We must reform the public sector
THE EDITOR, Sir:
Finance Minister Dr Peter Phillips has given the assurance that there are no plans at this time by the Government to cut public-sector jobs. Rather, the administration is focused on containing public-sector wages below nine per cent of Gross Domestic Product (GDP).
The minister has given such a commitment, while promising that public-sector workers will not be asked to accept another wage freeze when the next round of wage negotiations gets under way soon.
It remains to be seen how the minister will be able to grant any meaningful wage increase and not cut public-sector jobs, while remaining committed to the International Monetary Fund's (IMF) condition of containing public-sector wages within a certain level of GDP. Only recently, the IMF recommended that the Government consider extending the public sector wage freeze.
While it is full time our public-sector workers be given a pay increase and be paid fairly, considering many of them have been finding it difficult to survive in our hostile economic environment, the public sector is rather bloated, and in most instances, inefficient.
Despite the political unpalatability, especially as elections draw near, public-sector job cuts must be contemplated for the good of the country. Benefits packages must also be re-examined to be fair, but less overly generous and burdensome to the country's coffers.
The practice of government finding jobs for the boys and girls must be curtailed as too many of those given jobs in the public sector are party loyalists without the requisite skills to provide optimal service to the people of this country.
GET RID OF DUPLICATES
We must get rid of duplications and unnecessary positions in the public sector.
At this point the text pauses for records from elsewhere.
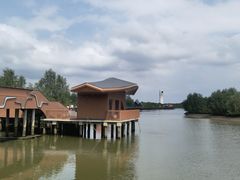 -东寨港红树林旅游区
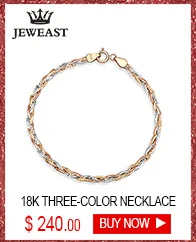 18k Pure Rose Gold Natural Bracelet Women Fashion Bangle Romantic Female Jewelry Girl Gift Party Trendy Hot Sale Good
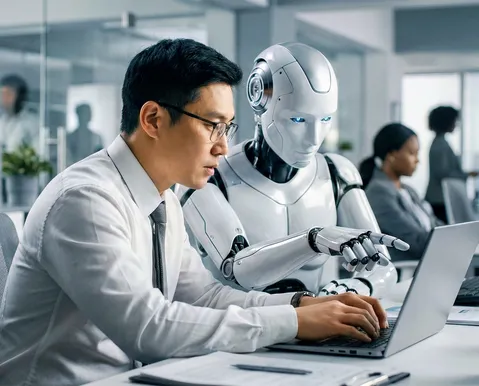Baianos veem IA como aliada, mas ignoram riscos de automação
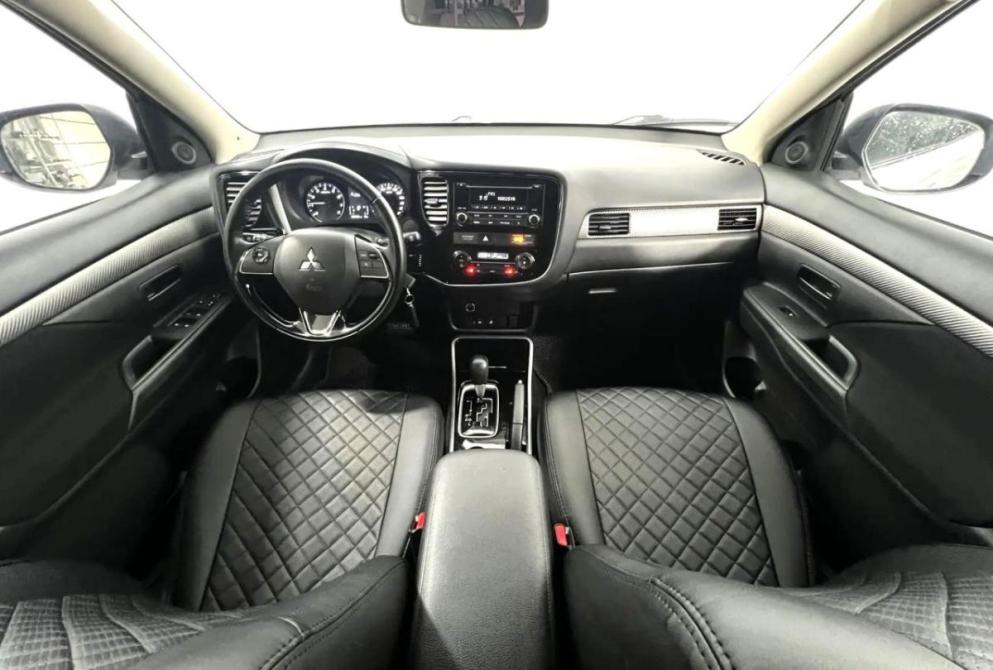 Mitsubishi Outlander III Рестайлинг 2 Нижний Новгород  - изображение 14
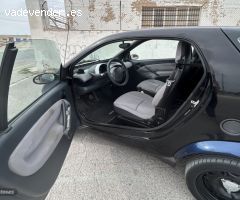 Smart Fortwo Fortwo de 2006 con 72.200 Km por 3.500 EUR. en Murcia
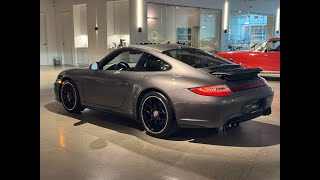 2012 Porsche 911 Carrera 4 GTS Coupe [upl. by Leinod]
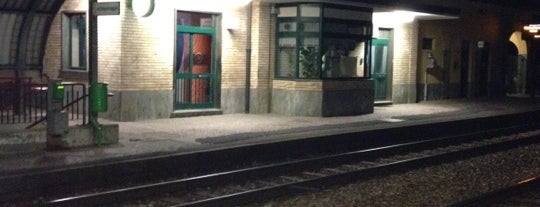 Stazione Mozzate is one of ariete.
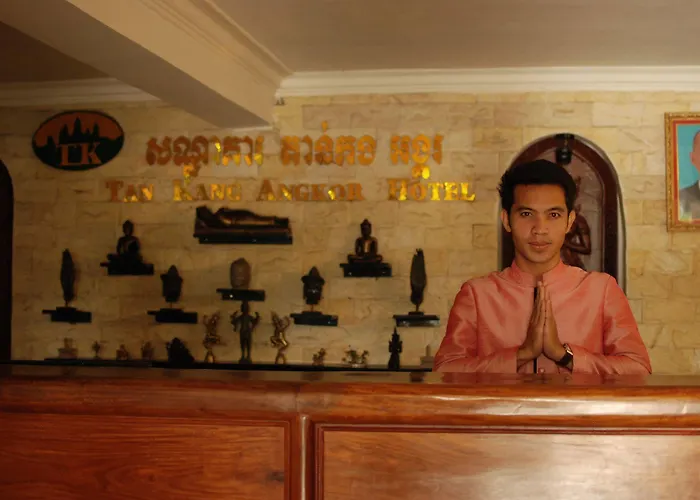 Tan Kang Angkor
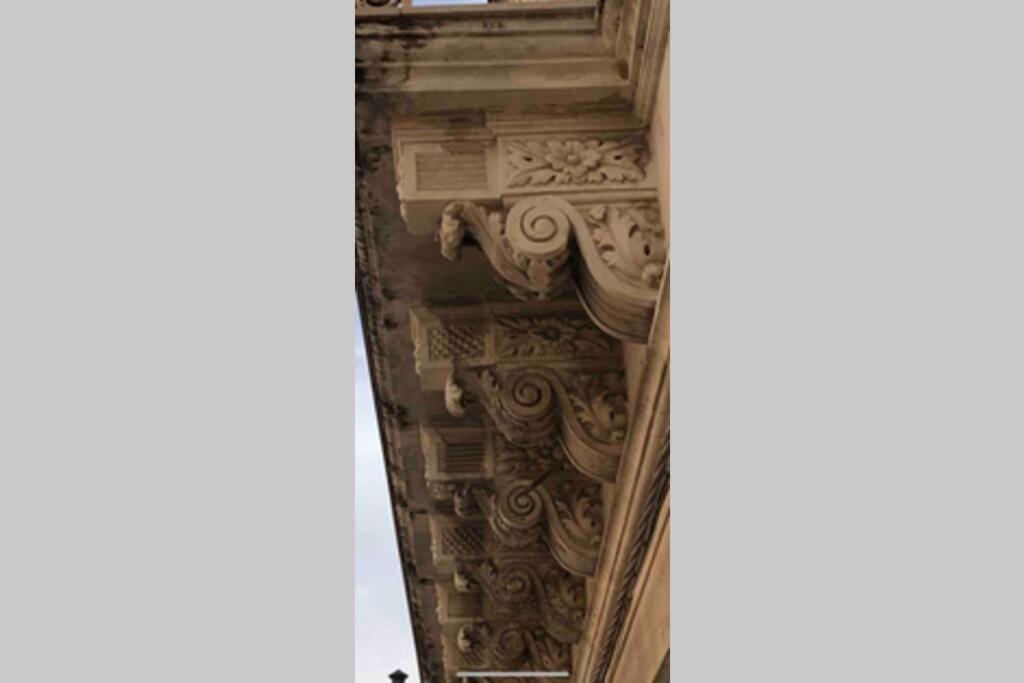 Casa Negli Iblei Daire Canicattini Bagni Dış mekan fotoğraf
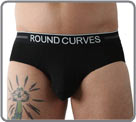 Brief Round Curves - Heavy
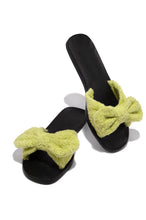 Load image into Gallery viewer, Green Sandals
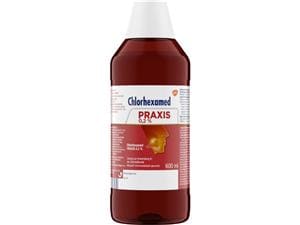 Chlorhexamed® PRAXIS 0,2 % (ohne Pumpe) Flasche 600 ml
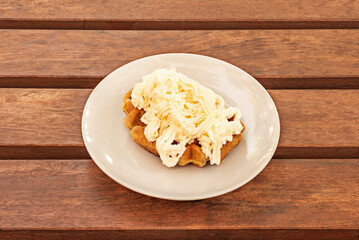 There are many creative ways to enjoy waffles, both sweet and savory. Here are some ideas for a variety of waffles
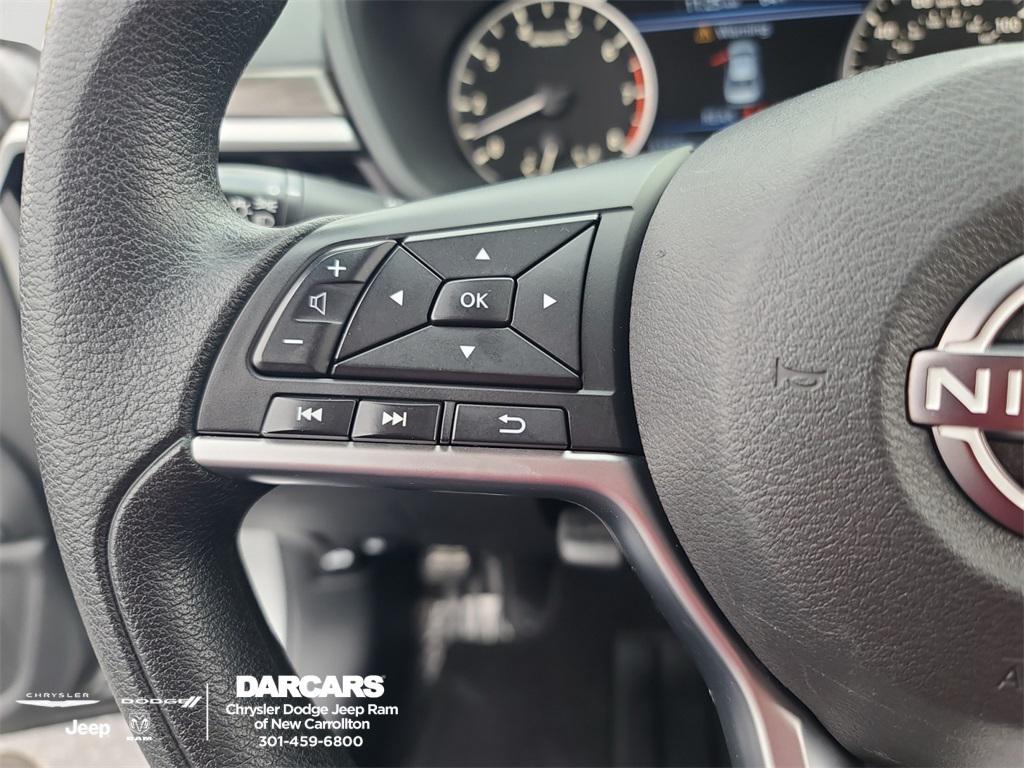 used 2024 Nissan Altima car, priced at $18,995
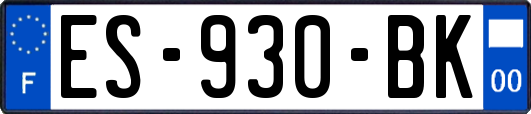 ES-930-BK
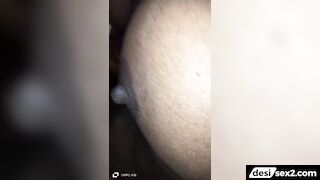 Young telugu girlfriend pussy fucking mms video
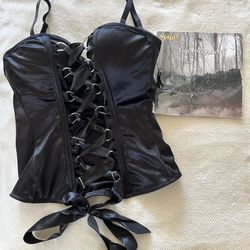 Vampire corset Teen Women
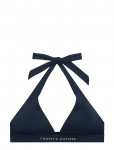 Tommy Hilfiger - Halter Rp - Kolmnurksed bikiinitopid - XL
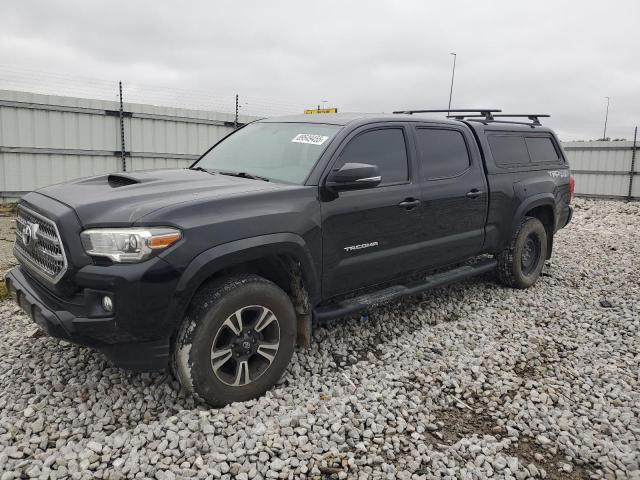 Global Auto Auctions: 2017 TOYOTA TACOMA DOU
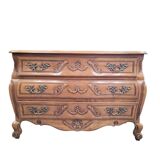 Louis XV style chest of drawers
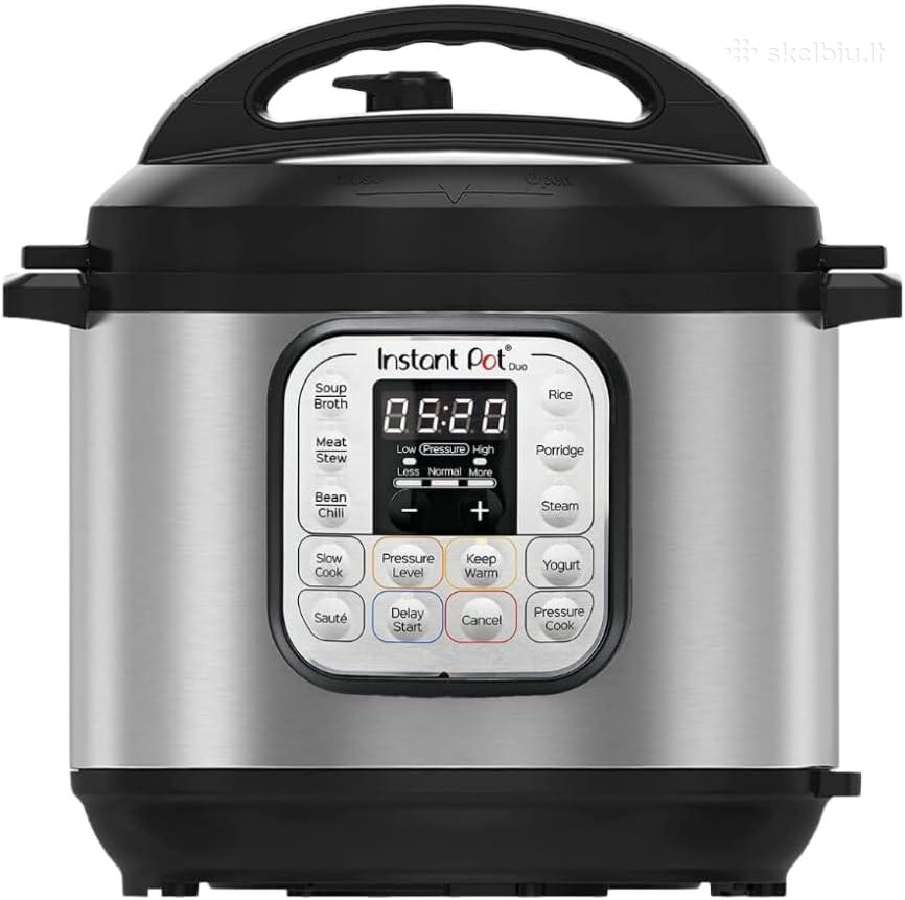 Instant Pot Duo 7-in-1 multifunckinis puodas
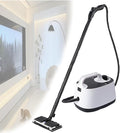 Steam Cleaner2000W Handheld Steam Cleaner1.8L Capacity Multipurpose Steamer For Home UseWith 2 Brush Heads And Automatic Air Jet HandleCleaning For CouchAutoFloor220V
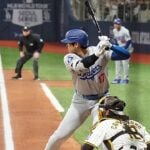 shohei ohtani alter ego baseball card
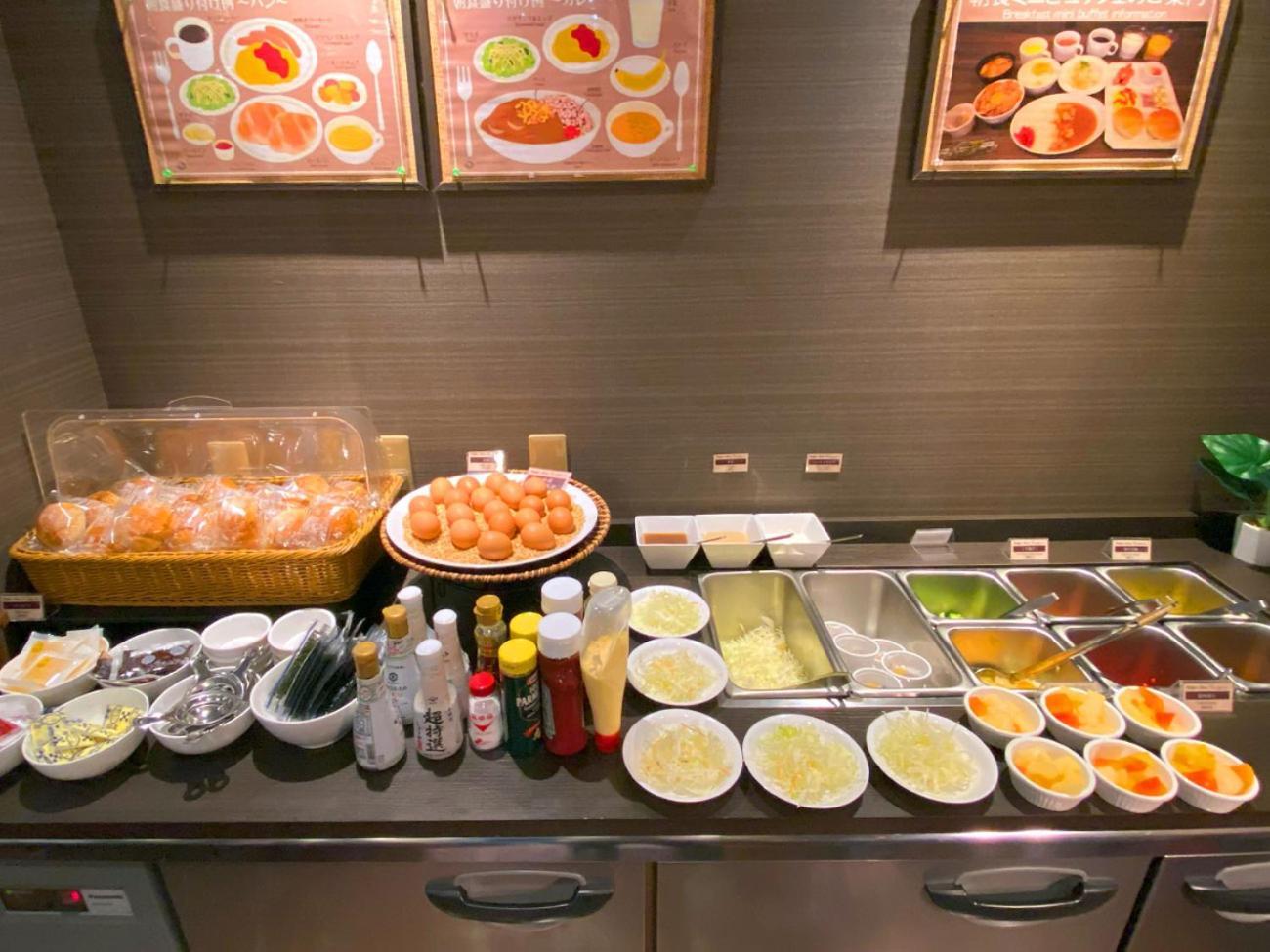 Astil Hotel Shinosaka Precious Екстер'єр фото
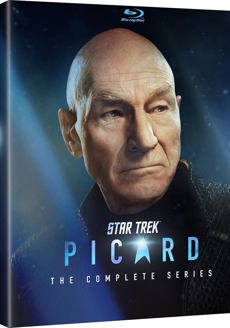The Complete Series (Blu-ray)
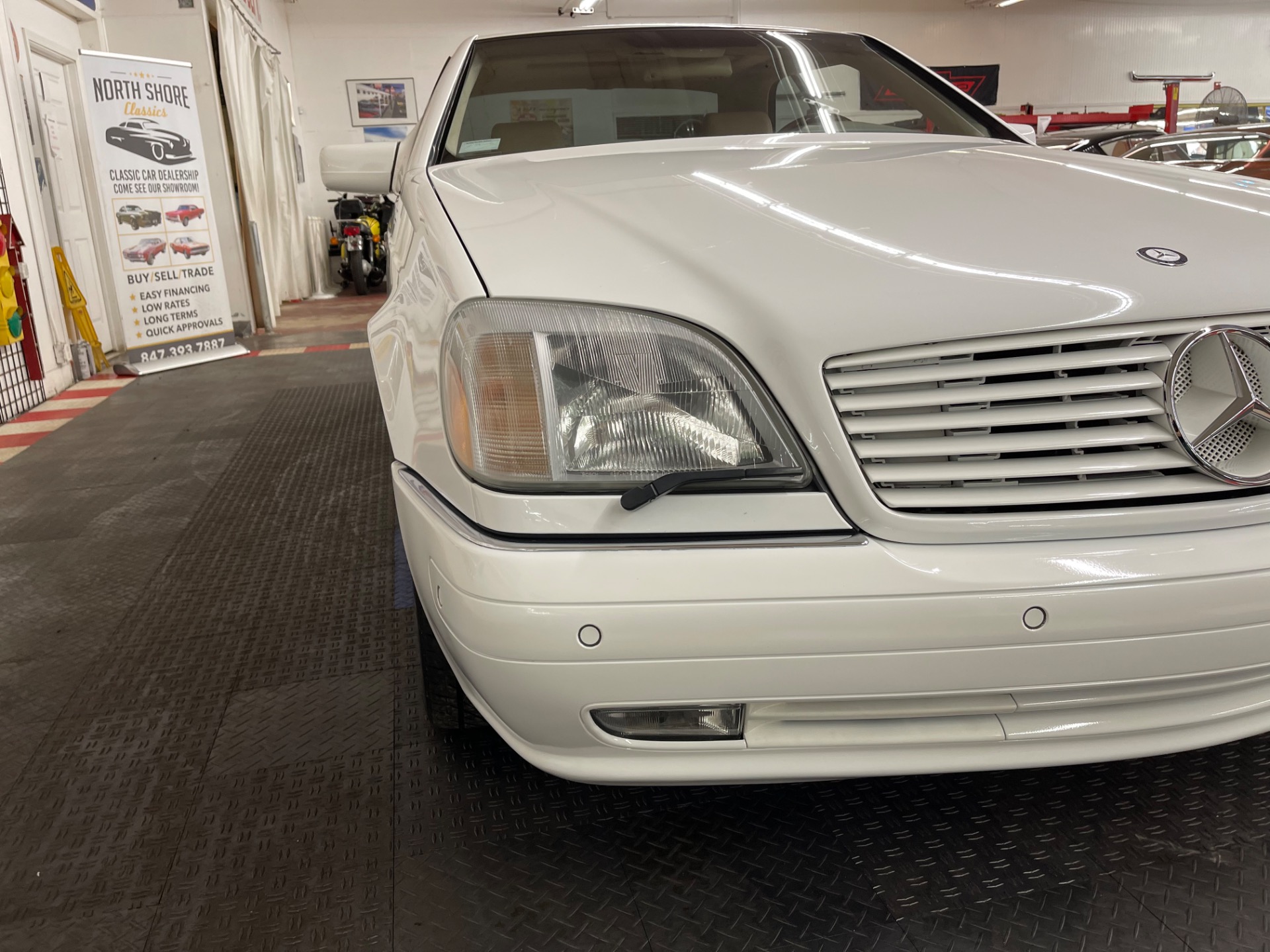Used 1997 Mercedes-Benz S-Class - S500 COUPE - LOW MILES - SEE VIDEO | Mundelein, IL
We should also replace one out of every two public-sector workers and civil servants who retire and dedicate the savings to better remunerate and train those workers remaining in order to provide for greater efficiency and modernisation of the public sector.
Cutting the public sector, including members of the civil service, will result in fewer but better-paid workers, who should enjoy greater job satisfaction and deliver improved service to the citizenry.
In solidarity with the public-sector workers, Prime Minister Portia Simpson Miller must, at a minimum, cut and revamp her bloated and ineffective Cabinet to provide greater management to the country's affairs.